David Austen's stylistically diverse practice spans painting, sculpture, printmaking and film. Cigarette-smoking moons, trysting couples, elegiac texts and vibrant abstract visions - the elements of his work come together like fragments of a strange and wonderful story, drawing on a wide range of influences from film noir and Greek mythology to absurdist theatre and art history. Austen says: 'My work explores love and yearning, loss and grief, memory and dream and the unreliability of these things’.
Austen's suites of etchings seem like storyboards for these fractured tales, and which in turn have led to the making of works in film. His first, Smoking Moon (shown at both Camden Arts Centre and the British Film Institute) was followed by Crackers, commissioned for his most comprehensive solo exhibition to date at Milton Keynes Gallery (2007), which was subsequently screened at the Locarno Film Festival and at the Institute of Contemporary Arts, London. In 2008 he collaborated with the artist Enzo Cucchi to make a short film in Rome, Man Smoking.

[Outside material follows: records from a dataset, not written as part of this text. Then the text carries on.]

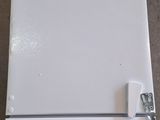 a white refrigerator with a blue handle on the floor
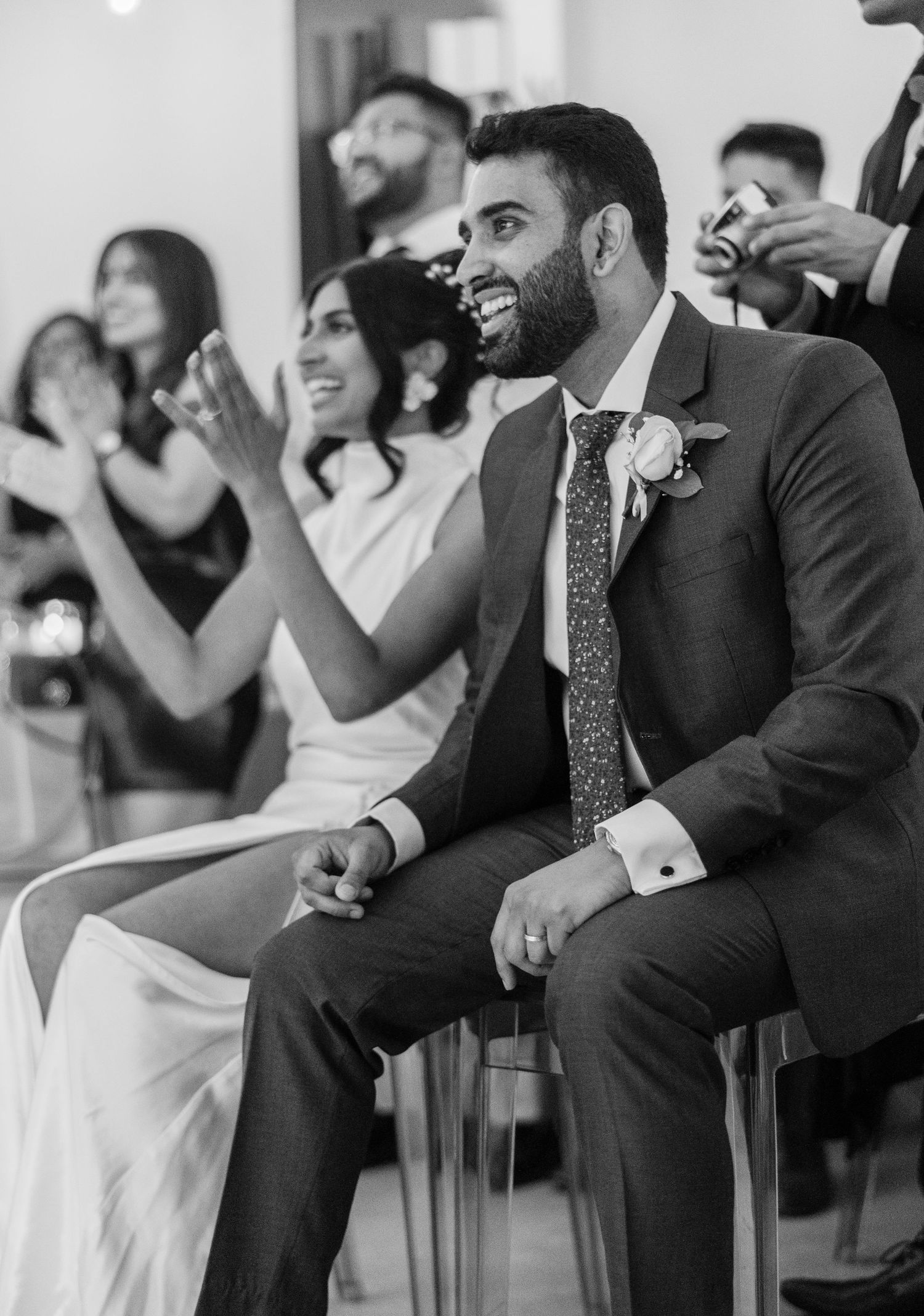 Wedding guests and couple laughing during reception speeches in black and white.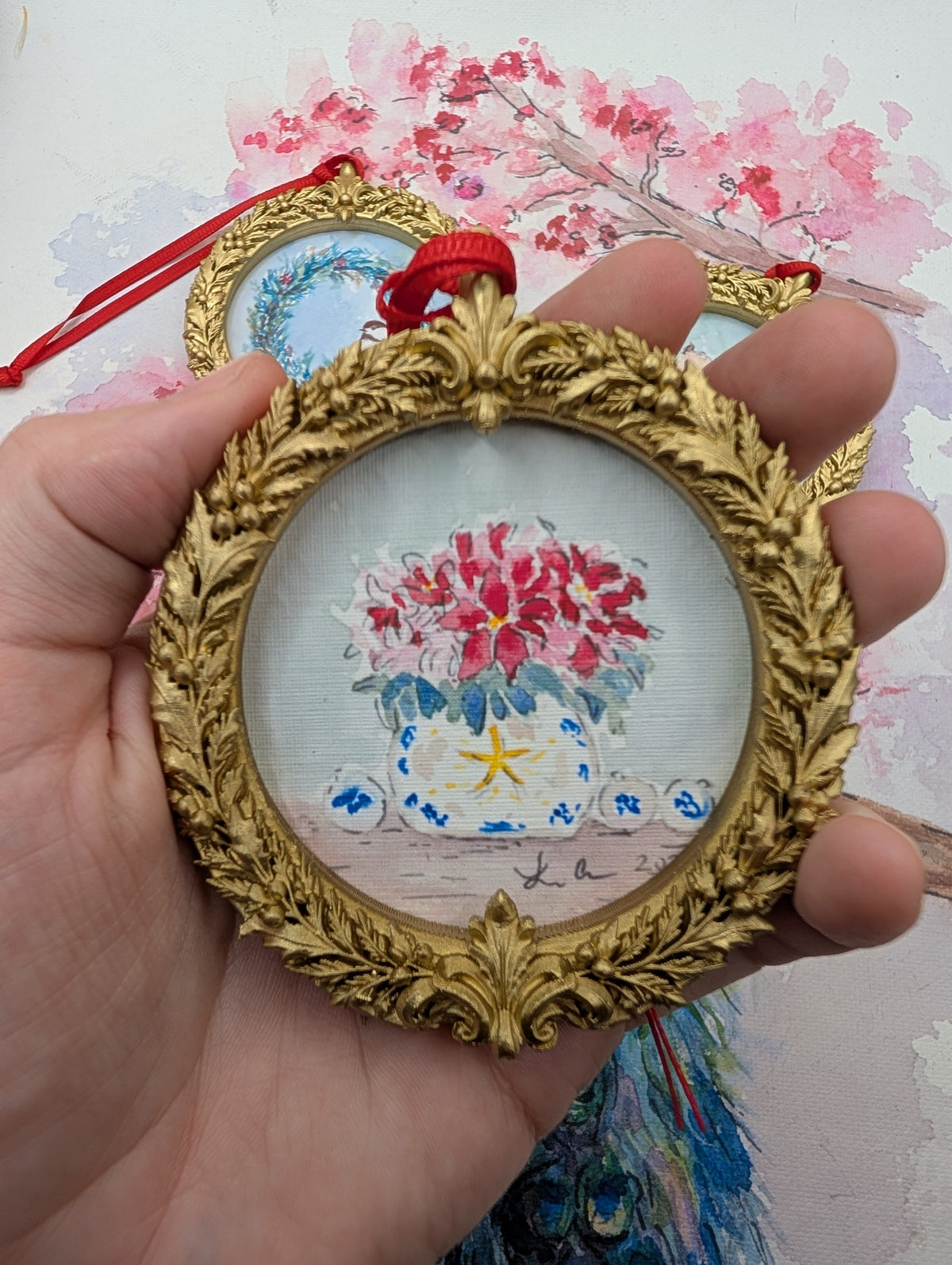 Poinsettias in a Blue and White Pot watercolor ornament in a gold wreath frame, held in hand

In 2012, Austen's film, The Gorgon's Dream, was premiered at the Edinburgh International Film Festival and his work was selected for the curated film programme at Art Basel Miami Beach 2013. For the 2016 edition of Art Basel Miami Beach Austen presented a solo exhibition, Silence Beach, with Ingleby. UNDERWORLD, a major survey exhibition exploring the breadth of David Austen's artistic practice was presented by Dundee Contemporary Arts in Spring, 2019. The Boys: an Adventure, an exhibition with drawings by David Austen and words by Hisham Matar, was presented at the gallery in 2023, alongside the launch of a new publication which celebrated Austen and Matar's collaboration.